Dominant Resource Fairness: Fair Allocation of Multiple Resource Types (2011)

Scheduling and resource allocation policies are at the heart of many systems. However, most resource allocation policies, including very popular ones like max-min fairness, involve allocating a single resource type. In distributed data processing frameworks like Hadoop and Dryad, resources often come in many forms (e.g. CPU, GPU, disk size, memory size, network bandwidth, etc.) and clients often have varying resource requirements. This paper introduces dominant resource fairness (DRF): a new resource allocation policy that handles multiple resource types. DRF satisfies a good number of desirable properties and is implemented in Mesos.

Allocation Properties. It's not easy to describe what makes a resource allocation policy "good" or "fair", especially since most resource allocation policies don't concern multiple object types. Here, we present a set of desirable properties that any resource allocation policy ought to have. The first four are essential; the last four are nice.

  1. Sharing incentive. No user should be better off if resource were statically and equally partitioned between users.
  2. Strategy proofness. Users should be able to improve their allocations by lying about their requirements.
  3. Envy-freeness. No user should prefer the allocation of another user.
  4. Pareto efficient. We should not be able to allocate more resources to a user without taking away resources from another.
  5. Single resource fairness. For a single resource, the solution should reduce to max-min fairness.
  6. Bottleneck fairness. If all users want the same resource the most, the solution should reduce to max-min fairness.
  7. Population monotonicity. When a user leaves the system, nobody's allocation should decrease.
  8. Resource monotonicity. When new resources are introduced into the system, nobody's allocation should decrease.

Dominant Resource Fairness. Assume our system has 9 CPU and 18 GB of memory. Assume job A has tasks that require <1 CPU, 4 GB> and job B has tasks that require <3 CPU, 1 GB>. Tasks of A need 1/9 of the CPU and 4/18 = 2/9 of the memory. Tasks of B need 3/9 = 1/3 of the CPU and 1/18 of the memory. We say that CPU is the dominant share of A and memory is the dominant share of B. Generally, given resource capacity vector <c_1, ..., c_n> and a user task requirement vector <a_1, ..., a_n>, the dominant share is the max of all a_i/c_i.

DRF aims to maximize allocations such that all users have an equal dominant share. In the example above, we want to find x allocations for A and y allocations for B such that:

max(x, y)
x + 3y <= 9
4x + y <= 18
2x/9    = y/3

Algorithmically, we repeatedly choose the user with the lowest dominant share and grant it its resource requirements if necessary while updating its dominant share. If we assign a weight vector <w_1, ..., w_n> to each user and scale each dominant share by s_i by w_i, then we have weighted DRF.

Alternate Policies. There are other resource allocation policies that can be used to manage multiple resource types.

First is Asset Fairness. In asset fairness, we maximize resource allocation while ensuring that each user has an equal total allocation. In our example,

max(x, y)
x + 3y <= 9
4x + y <= 18
6x = 7y

Here, we imagine each CPU costs $2 and each GB costs $1. Job A spends $6 per task, and job B spends $7 per task.

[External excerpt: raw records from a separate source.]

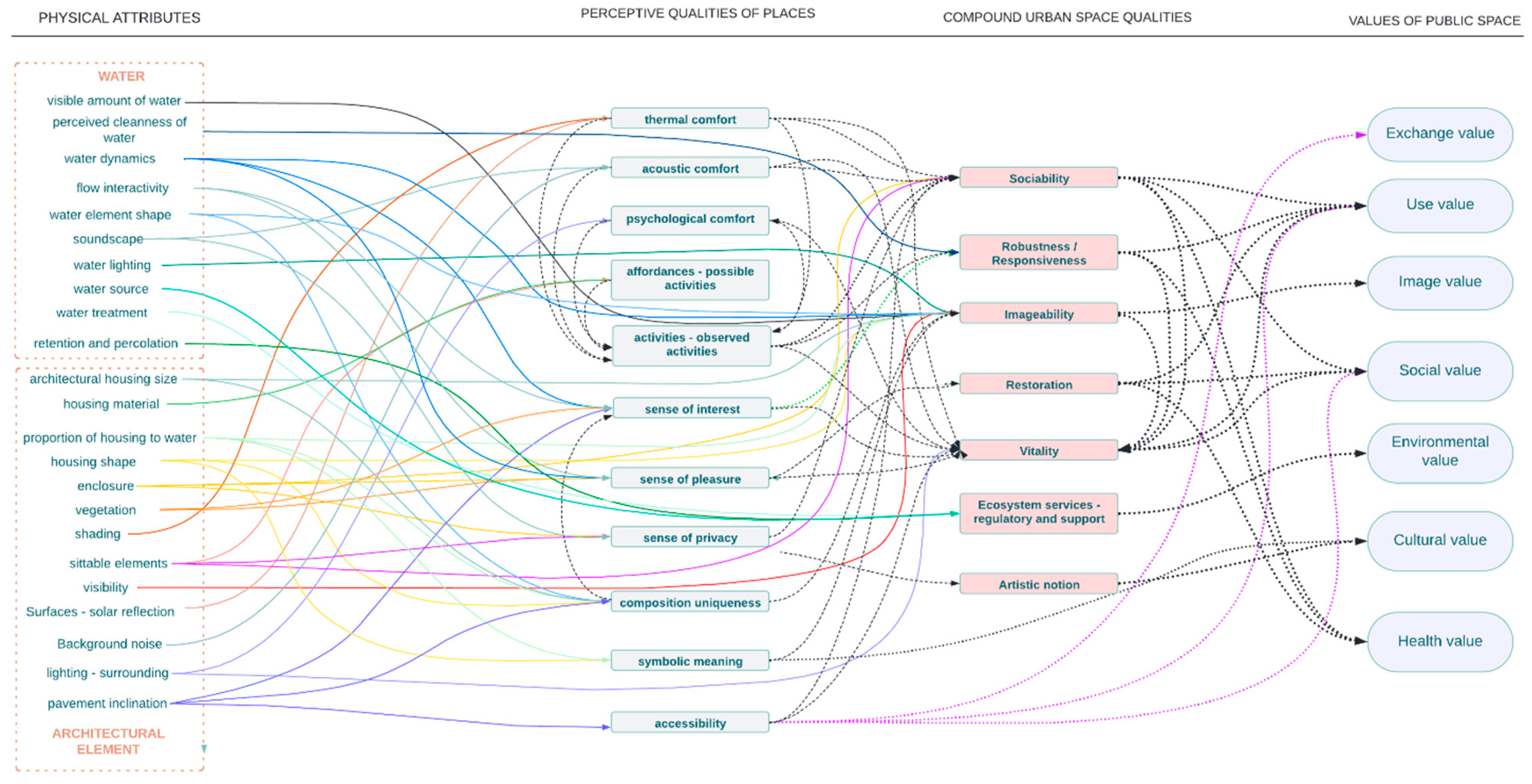 Sustainability 14 06877 g001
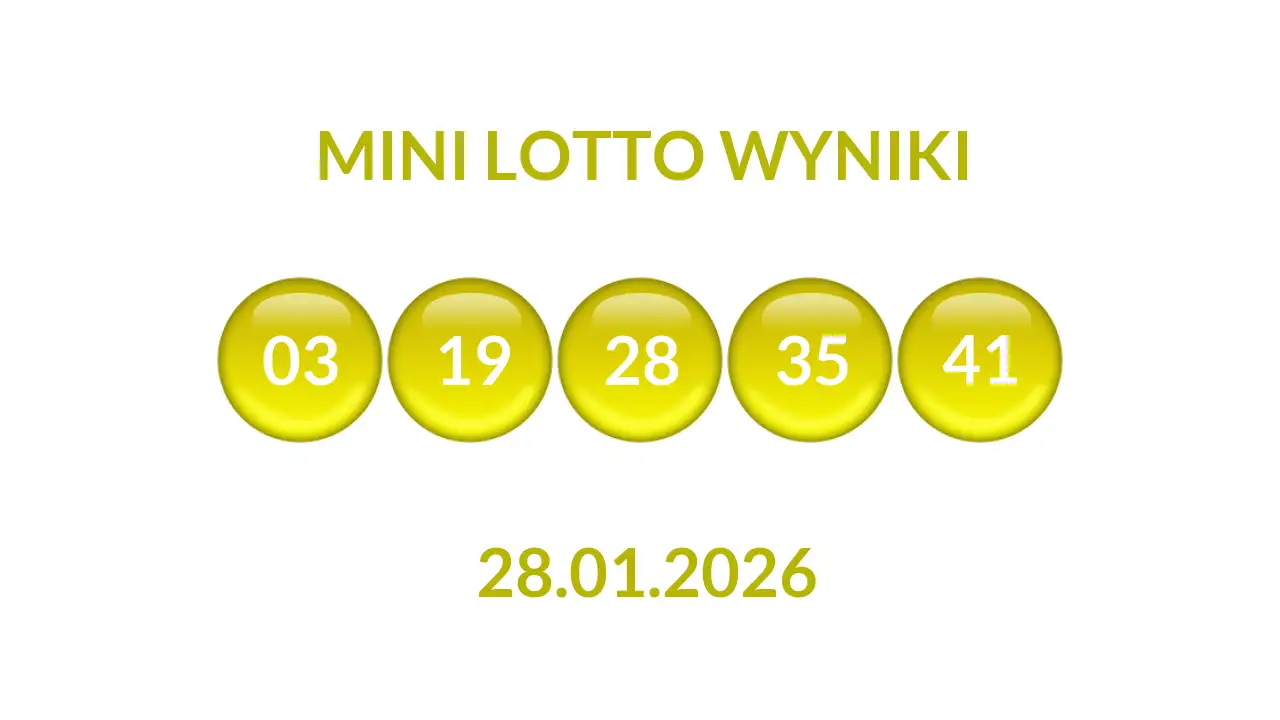 Kulki Mini Lotto z wylosowanymi liczbami dnia 28.01.2026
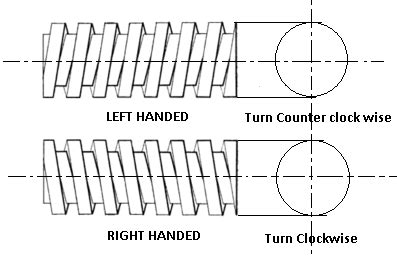 Lefthandrighthandthreadbolt.jpg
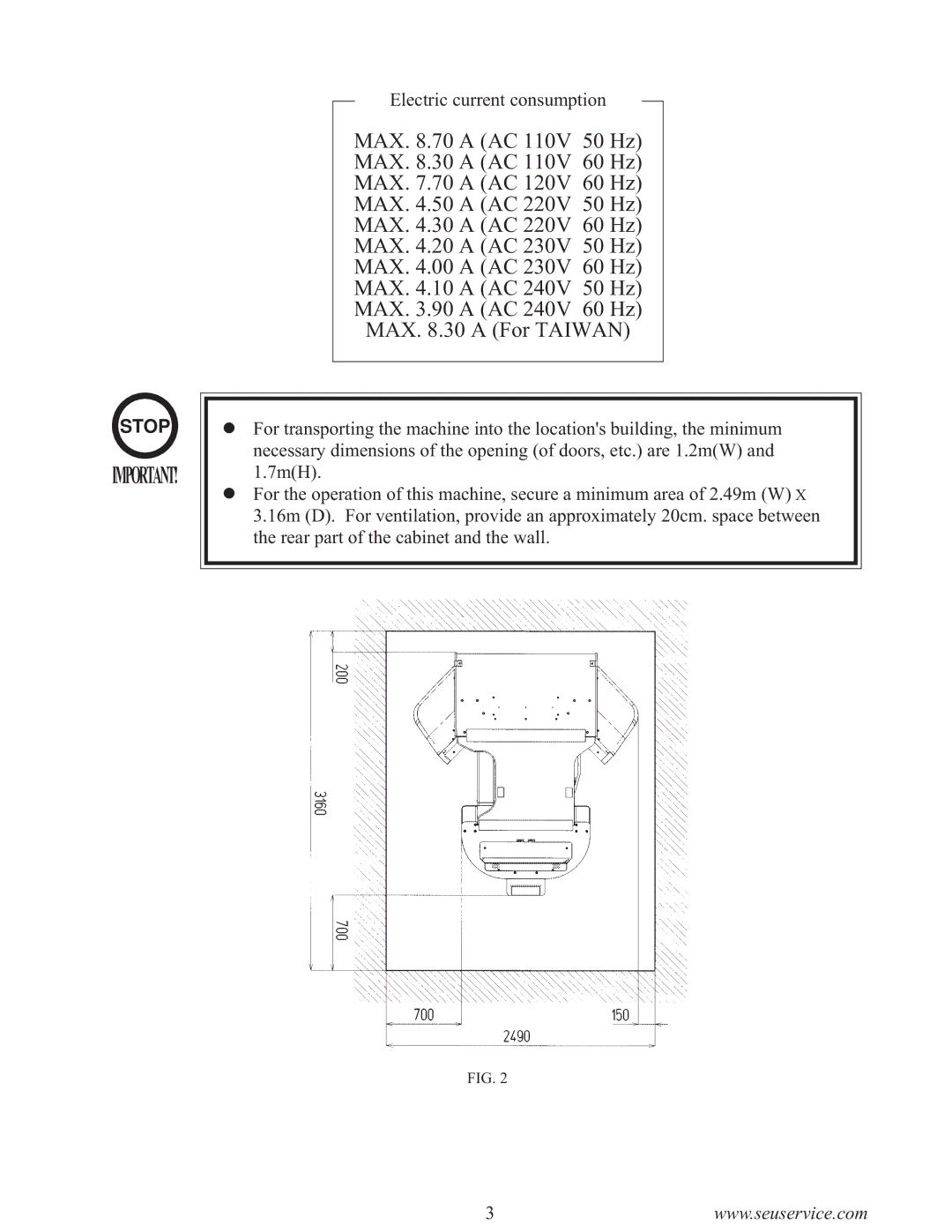 Sega F355 owner manual Electric current consumption 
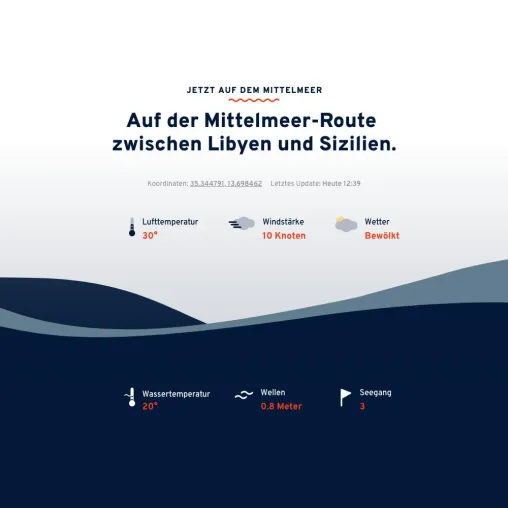 Bild: Tödliche Überfahrt: SOS MEDITERRANEEs neue Website zeigt die erschreckende Situation auf dem Mittelmeer.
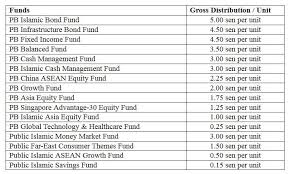 Existing account holder could make their investment thru various channels namely how to register for public mutual utc connect? Public Mutual Declares Rm243m Distributions For 16 Funds The Star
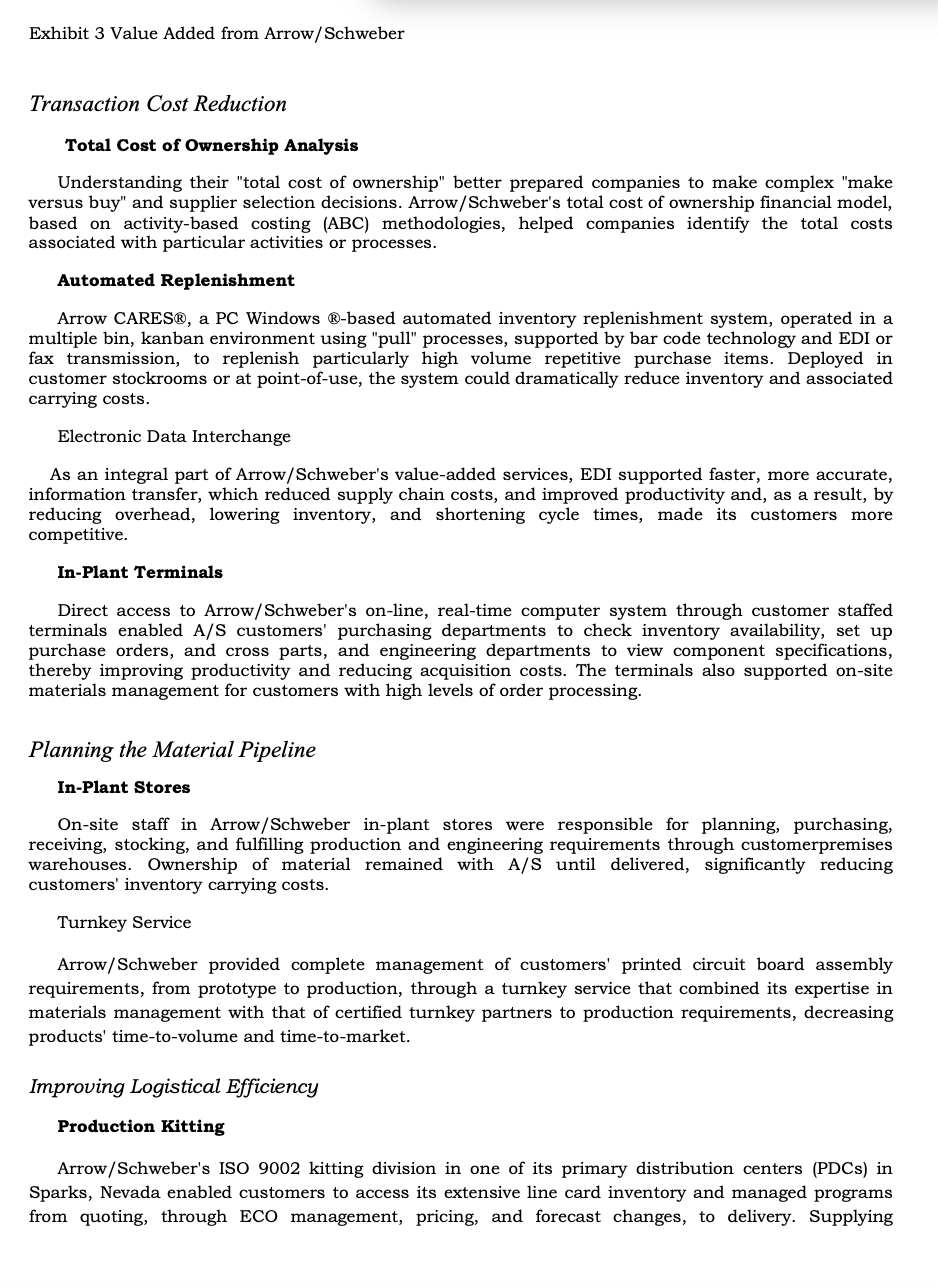 carefully. (Also see exh 4)Note that Exhibit 7: talks about cannibalization of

Second is Competitive Equilibrium from Equal Incomes (CEEI) where the product of all dominant shares is maximized. That is,

max(xy)
x + 3y <= 9
4x + y <= 18

Analysis.

Property Asset CEEI DRF
Sharing Incentive
Strategy-proofness
Envy-freeness
Pareto efficiency
Single Resource Fairness
Bottleneck Fairness
Population Monotonicity
Resource Monotonicity

Note that Asset Fairness does not provide Sharing Incentive and CEEI is not strategy proof. DRF does not provide Resource Monotonicity, but it can be shown that no resource allocation policy that satisfies sharing incentive and Pareto efficiency can provide resource monotonicity.

Up until now, we've assumed continuous allocations. We can extend DRF to use discrete allocations for K machines where each machine has at least a max-task amount of resources. Here the max-task is <max d_i1, ..., max d_im>. It's guaranteed that the difference in dominant share allocations between any two users is less than one max-task compared to the continuous case.